Mine is a September 14 car I purchased in September 16. I've had all of the special coverages done. I don't know how much better the 15's are if any. I told myself I would never buy a first model year vehicle and look what I did.


----------



## boraz (Aug 29, 2013)

no

its the same parts

and if that theory held water, they wouldnt have had the car on recall for ....i think 9 mos while trying to figure out a new tune for the nox sensor


----------



## 15cruzediesel (Sep 30, 2019)

boraz said:


> no
> 
> its the same parts
> 
> and if that theory held water, they wouldnt have had the car on recall for ....i think 9 mos while trying to figure out a new tune for the nox sensor


If true that sucks. You'd think they would put the updated tunes and parts in the newer cars as they built them.


----------



## boraz (Aug 29, 2013)

15cruzediesel said:


> If true that sucks.
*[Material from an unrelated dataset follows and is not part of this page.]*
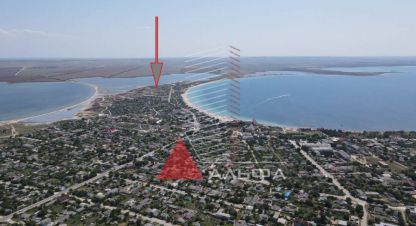 Продам земельный участок, на улице Пограничная, г. Межводное , Крым авт. респ., Россия, агентство Альфа Недвижимость. Фотография №1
You'd think they would put the updated tunes and parts in the newer cars as they built them.


they stopped making the cars before then, lol

heres when the recall started https://www.cruzetalk.com/threads/emission-recall.152345/ 

in 2016....lol

they stopped making the car in 2015

and the recall letter (pic is in the thread)....says hey youre gonna get too much soot on you nox sensor, but we dont have any parts to fix yet....so keep driving and we'll fix it when we figure out how to fix it

months and months later, new nox sensors and a new tune were given to owners to repair this....except errybody had even more problems after the new tune, so lots of ppl didnt perform the recall, me included....

then a full year later.....17089 recall came out https://www.cruzetalk.com/threads/1...nox-position-1-sensor-replacement-ctd.200666/

it says forget aboot 15594....thats all closed, now errybody has 17089, errybody come in and get fixed....


----------



## 15cruzediesel (Sep 30, 2019)

boraz said:


> they stopped making the cars before then, lol
> 
> heres when the recall started https://www.cruzetalk.com/threads/emission-recall.152345/
> 
> ...


Now this is some great info!


----------



## boraz (Aug 29, 2013)

15cruzediesel said:


> Now this is some great info!


theres more, but the site deleted old threads when the new facelift came on


----------